- **DATA EXCERPT**

════════

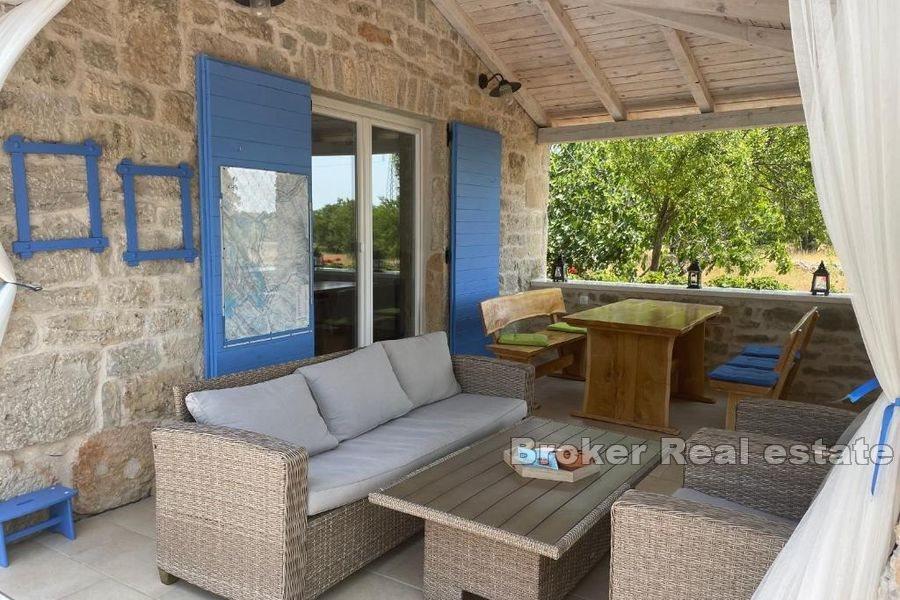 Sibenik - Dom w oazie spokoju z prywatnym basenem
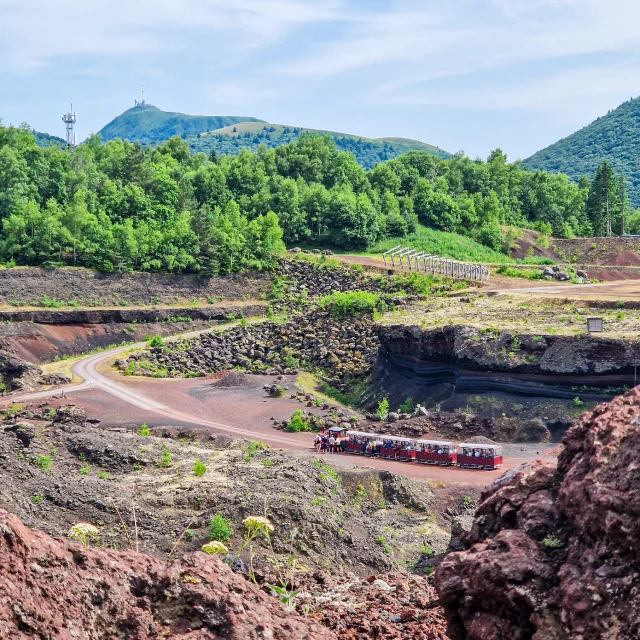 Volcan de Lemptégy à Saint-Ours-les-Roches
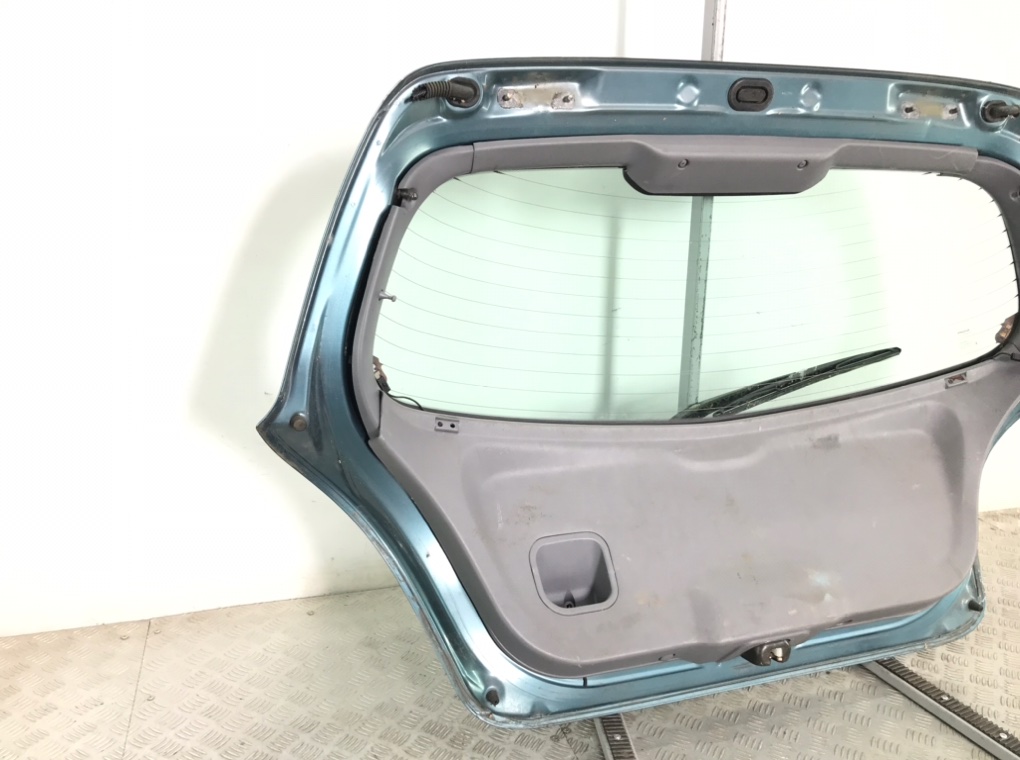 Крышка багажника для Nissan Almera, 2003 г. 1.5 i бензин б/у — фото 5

════════

- **WHAT THE TASK REQUIRES**
Up to and including the last line of the listing, starting at the line with "Volcan de Lemptégy à Saint-Ours-les-Roches", extract every line exactly and leave out the pictures.

- **RESPONSE**
 Volcan de Lemptégy à Saint-Ours-les-Roches
 Крышка багажника для Nissan Almera, 2003 г. 1.5 i бензин б/у — фото 5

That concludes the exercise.